Comunque sia, il 2 ho fatto la bella e lunga cronoscalata a Naturno dove ho fatto un buon tempo (1h 11') su 15km e 1370 m. di dislivello, a dimostrazione che il lavoro fatto in salita in primavera su strada ha dato i frutti. Soddisfazione maggiore pensando che l'anno prima avevo fatto 1h 19' terminando ultimo nella mia categoria!
Passati quattro giorni e si arriva alla seconda gf in mtb della stagione; la Rampinada. Mai fatta prima d'ora e sorpresone... un percorso molto adatto alle mie caratteristiche! Partenza in salita, single tecnico, sali e scendi ripidi e tecnici e una lunga salita con pendenze allucinanti fino alla cima. Un sali e scendi tecnico in cima per concludere a tutta su discesa scorrevole al traguardo! 1500 m. di dislivello in 35 km, impegnativi al punto giusto. Terminato in 2h 14' con un buon 88° assoluto, ma ancora rosico qualcosa dal primo della mia categoria in termini di media/h e distacco! Soddisfatto!
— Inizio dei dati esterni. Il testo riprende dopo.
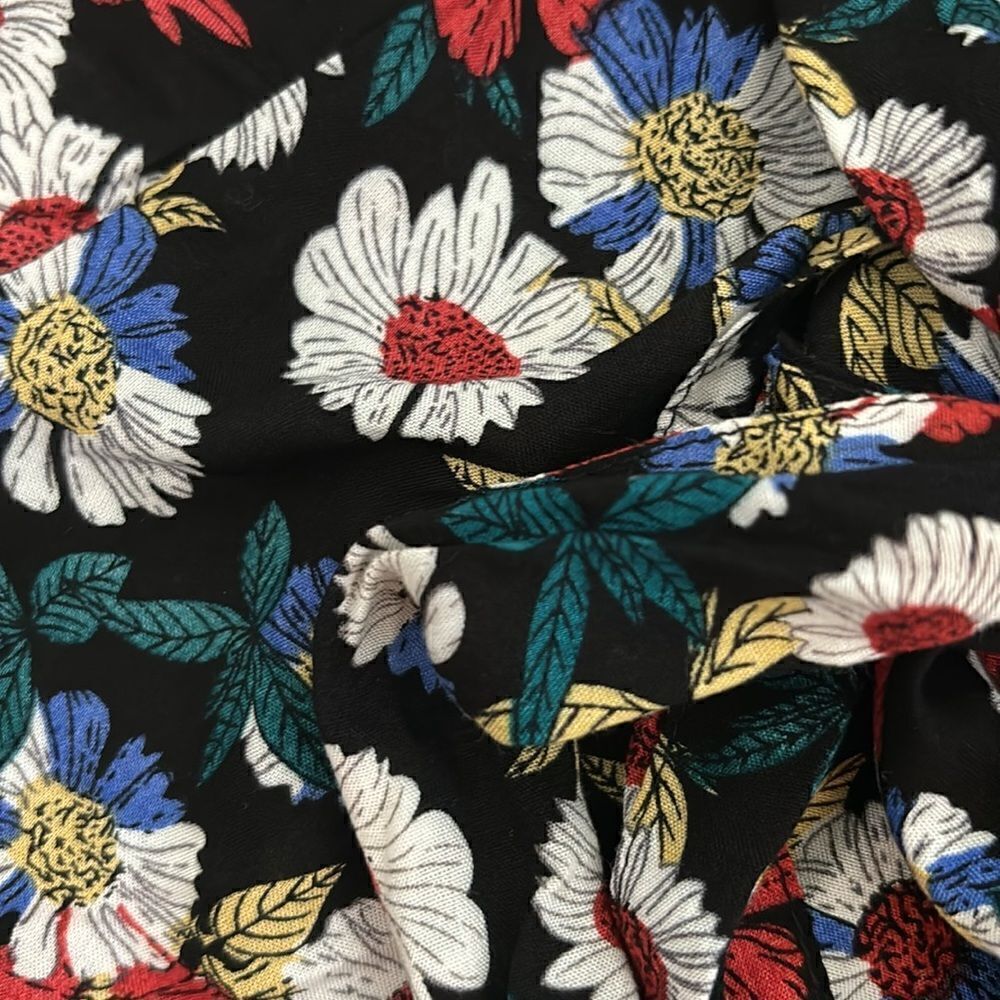 LF/Dress Decode Floral Halter Top - Picture 6 of 6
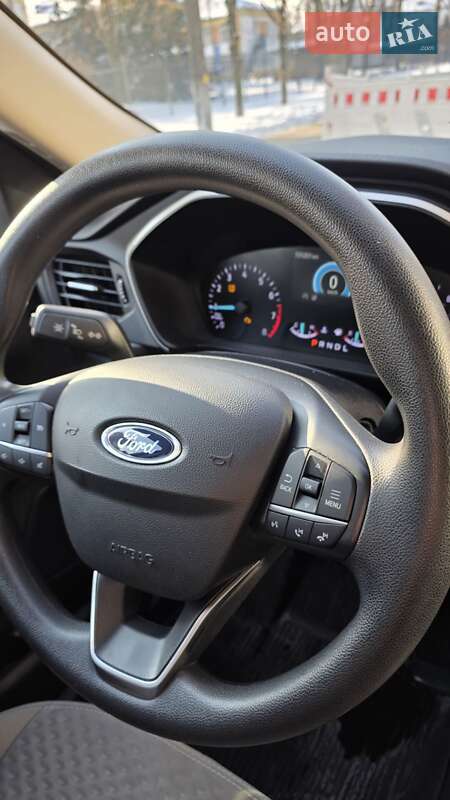 Внедорожник / Кроссовер Ford Escape 2019 в Киеве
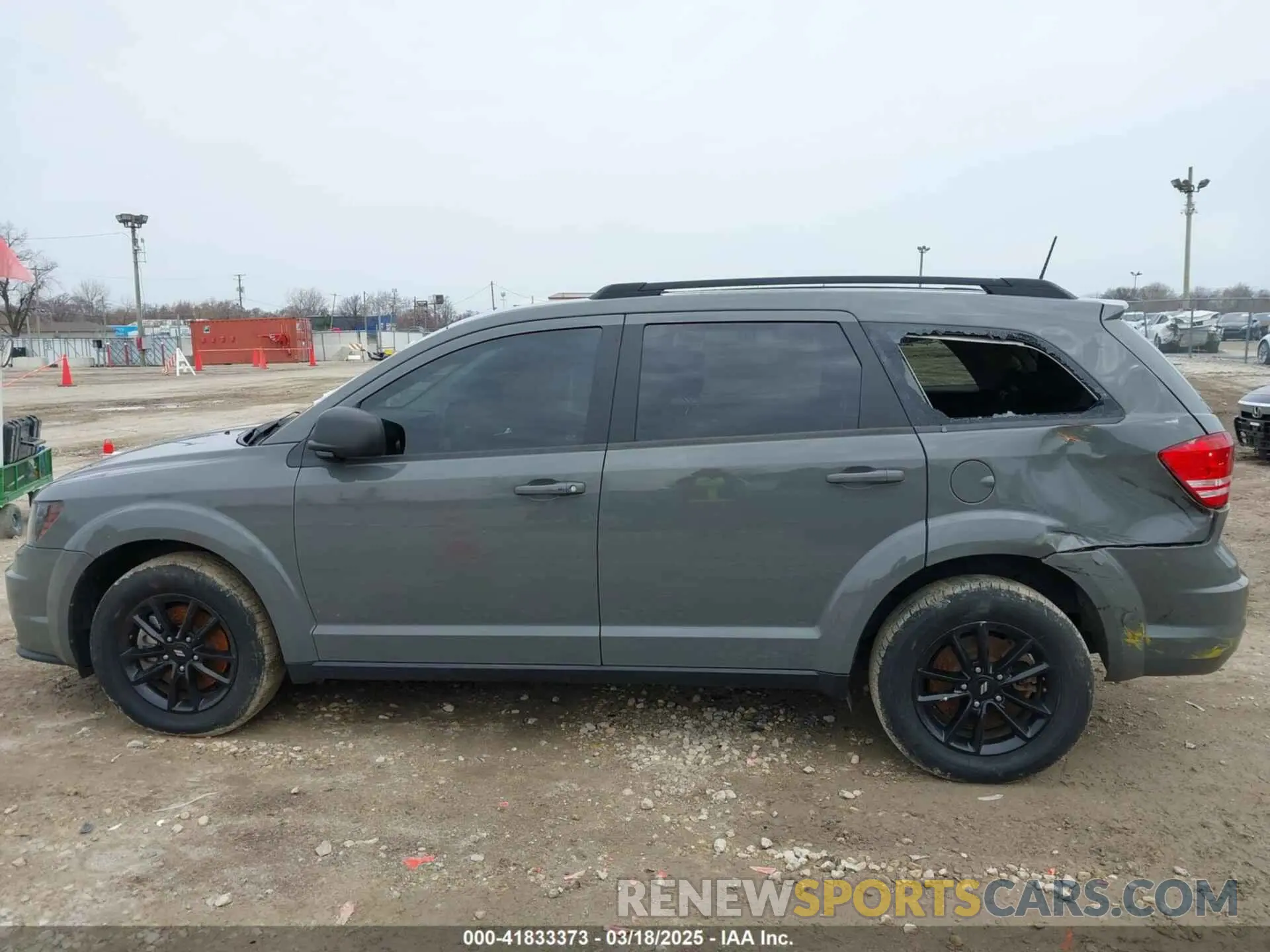 14 Photograph of a damaged car 3C4PDCABXLT278142 DODGE JOURNEY 2020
E poi il 13 incominciano le prime sfighe... Vermiglio e un' xc atipico; nel giro di prova sottovaluto la discesa più tecnica del percorso e scivolo sopra un masso piegando forcellino e rimedianto una bella botta al gluteo e un' abrasione al braccio!!! Fotuna vuole che riesco a riparare il tutto, a curarmi e ripartire ma chiaramente gara semi-compromessa. Nessun dolore durante ma oltre a ciò pago il percorso troppo piatto nella parte iniziale e non riesco fin dall'inizio a stare nel gruppo. Ma sono contento perchè ho avuto tanta grinta! Un 20° posto agli internazionali non è da buttare comuque.
E veniamo all'evento cult del mio giugno: la 1000grobbe Bike! Prima tappa di controllo in cui riesco a partire bene e arrivo al traguardo nei primi 35 con un buon quarto di cat. Ma mi tengo per le prossime tappe.
Seconda tappa, partenza inizialmente veloce poi rallentamento e mio scatto in testa al gruppo per rilanciare l'andatura... ma così facendo prendo qualche decina di metri dalla testa e fino alla prima salita mi trovo follemente al comando! Ma per poco più di un minuto... riassorbito torno su ritmi più consoni a me e nella prima discesa gran botta alla schiena... si si... schiena: ma cazzo è un ramo tra ruota e carro della bici! Mi fermo subito e tolgo sto pezzo di legno lanciandolo nel bosco... la gamba c'è e fino Millegrobbe spingo bene e stacco diversi avversari in salita con facilità... ma verso Millegrobbe un brutto rumore viene dalla ruota posteriore e la bici diventa difficile da guidare in discesa! Non demordo ancora in salita ed attacco sull'ultimo tratto tecnico in discesa rischiando. Arrivo al traguardo e mi accorgo del raggio piegato. Peccato!!! Ma la mtb e così, ci rido sù e comuque vada la condizione è veramente più buona di quello che pensassi.
Il giorno dopo mi aspetta l'ultima tappa: non credevo che il meteo fosse così tremendo come le previsioni annunciavano per il fine settimana. Sbalzo termico dal sabato notevole, vento freddo con pioggia che in alcuni punti era nevischio. Sò quanto sono magro e il battere i denti prima di partire, oltre che il fisico già provato da due giorni di gare, suggeriscono alla mia testa di non partire. Qualche lacrimuccia perchè mi giocavo il 3° posto di categoria nella tre giorni. Ma dai racconti dei classificati posso dire di essere contento di questa decisione, oltre che aver dato maggior recupero al mio corpo, ho evitato una crisi di freddo e una malattia che con la forma che è arrivata sarebbe controproducente per il proseguio della stagione.
E infatti nell'ultima gara del mese... ve lo dirò la prossima volta!!!